ASSIGNMENT — All lines at and after the one containing "A bride stands", up to the end of the listing below, are to be printed exactly, with the pictures omitted.

INPUT DATA —
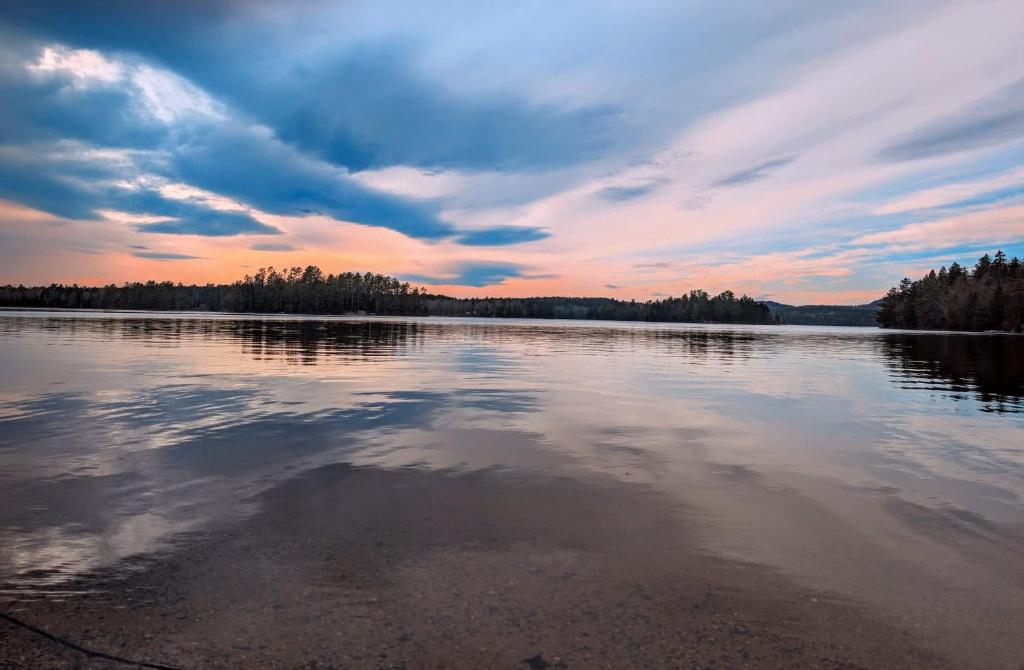a large body of water with a cloudy sky at Acadia Sunset Fishing Cabin #2 family beach fire pit in Sullivan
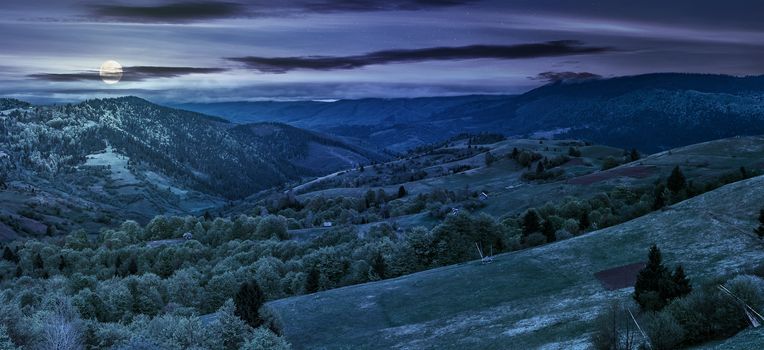 Panoramic rural landscape. forest in mountain rural area. green agricultural field on a hillside. beautiful summer scenery at night in full moon light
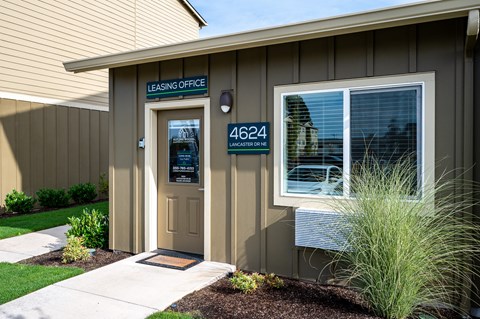 the front of a building with a door and a sign that reads lease office
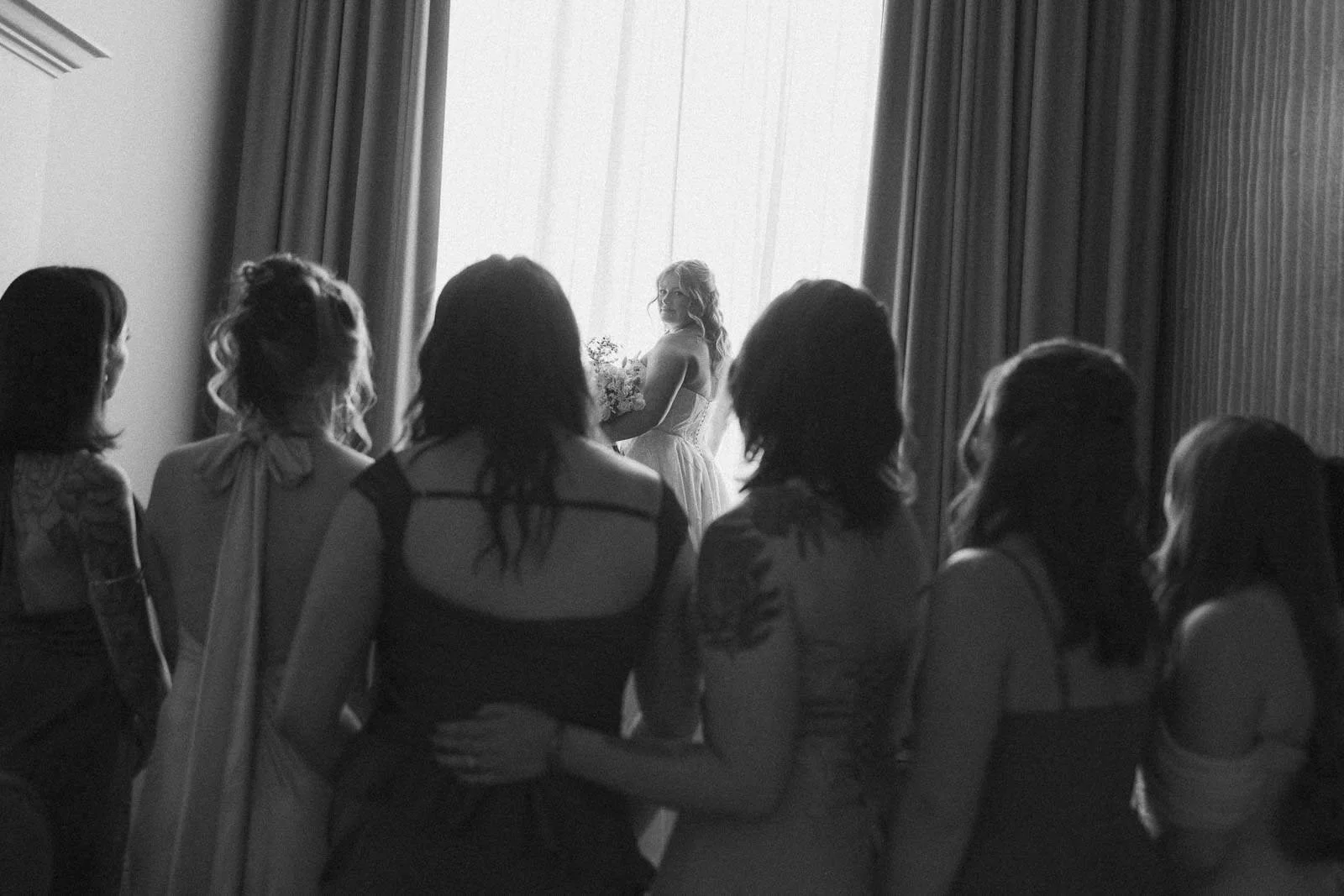  A bride stands in front of a bright window, holding a bouquet, while six bridesmaids in dresses stand together in the foreground, facing her. The photo is in black and white. 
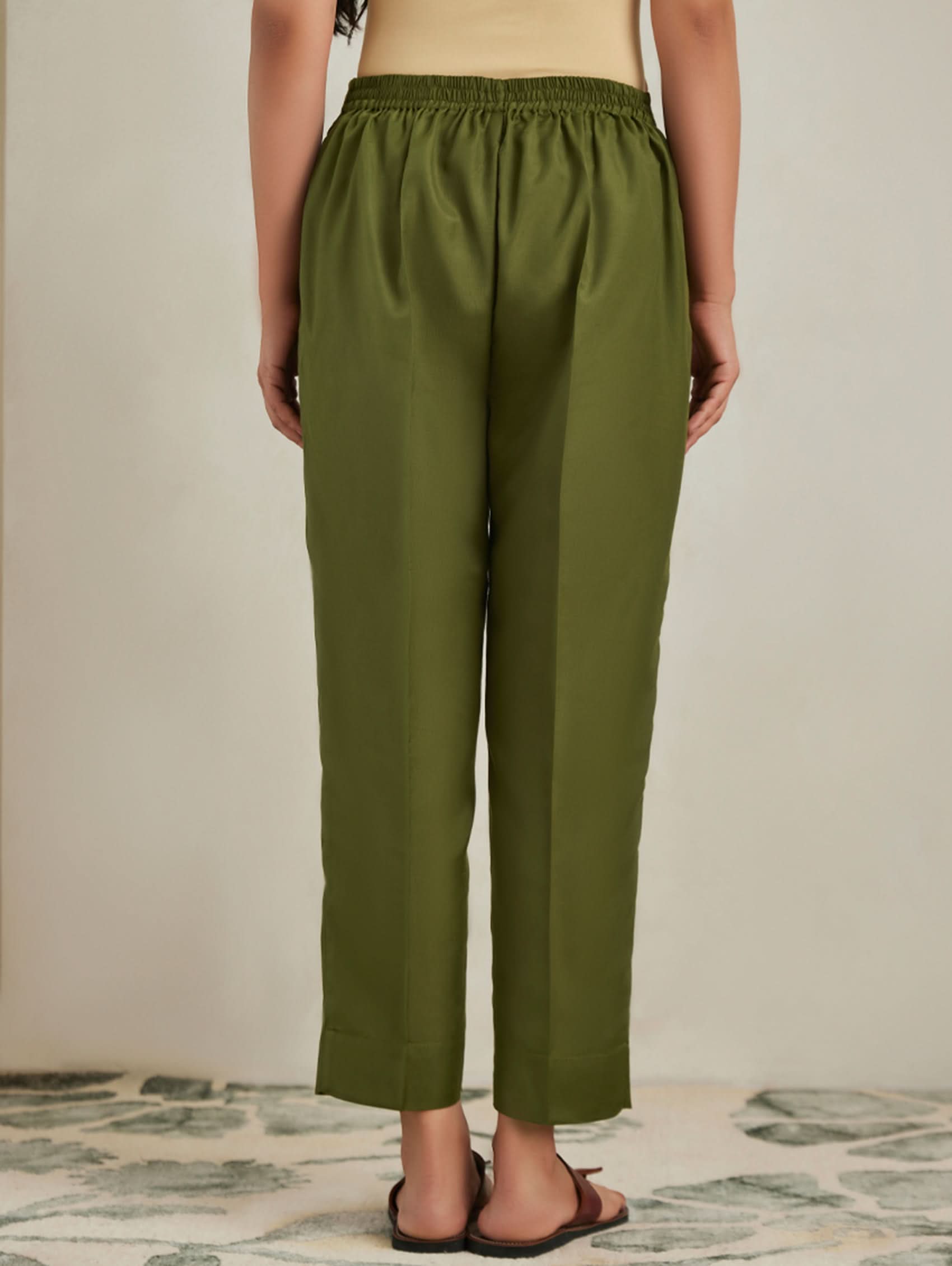 Person wearing olive green pants on a neutral background
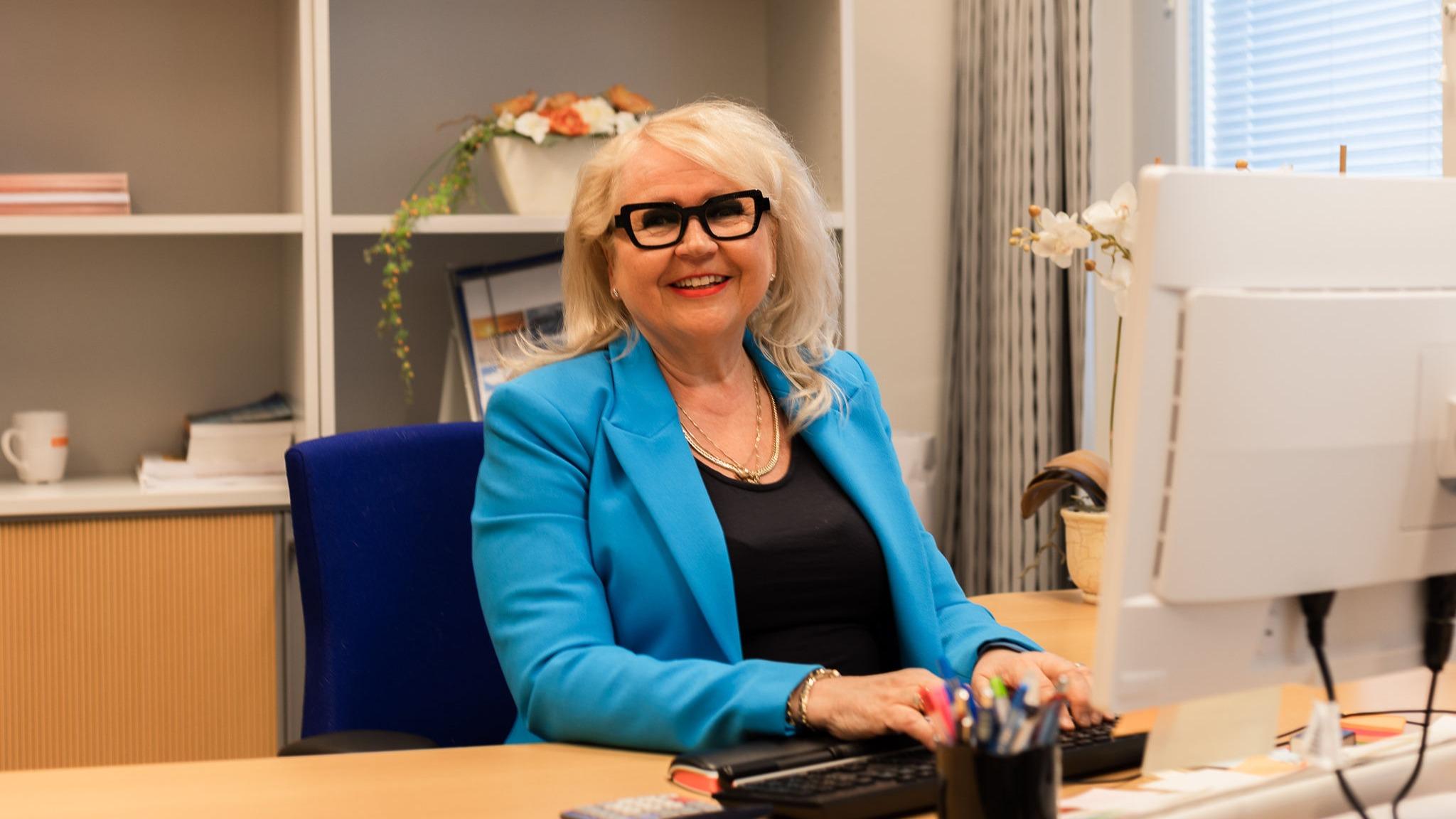 Sinijakkuinen ja vaaleahiuksinen nainen istuu toimistossa työpöydän äärellä ja katsoo hymyillen suoraan kameraan.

ANSWER BELOW —
  A bride stands in front of a bright window, holding a bouquet, while six bridesmaids in dresses stand together in the foreground, facing her. The photo is in black and white. 
 Person wearing olive green pants on a neutral background
 Sinijakkuinen ja vaaleahiuksinen nainen istuu toimistossa työpöydän äärellä ja katsoo hymyillen suoraan kameraan.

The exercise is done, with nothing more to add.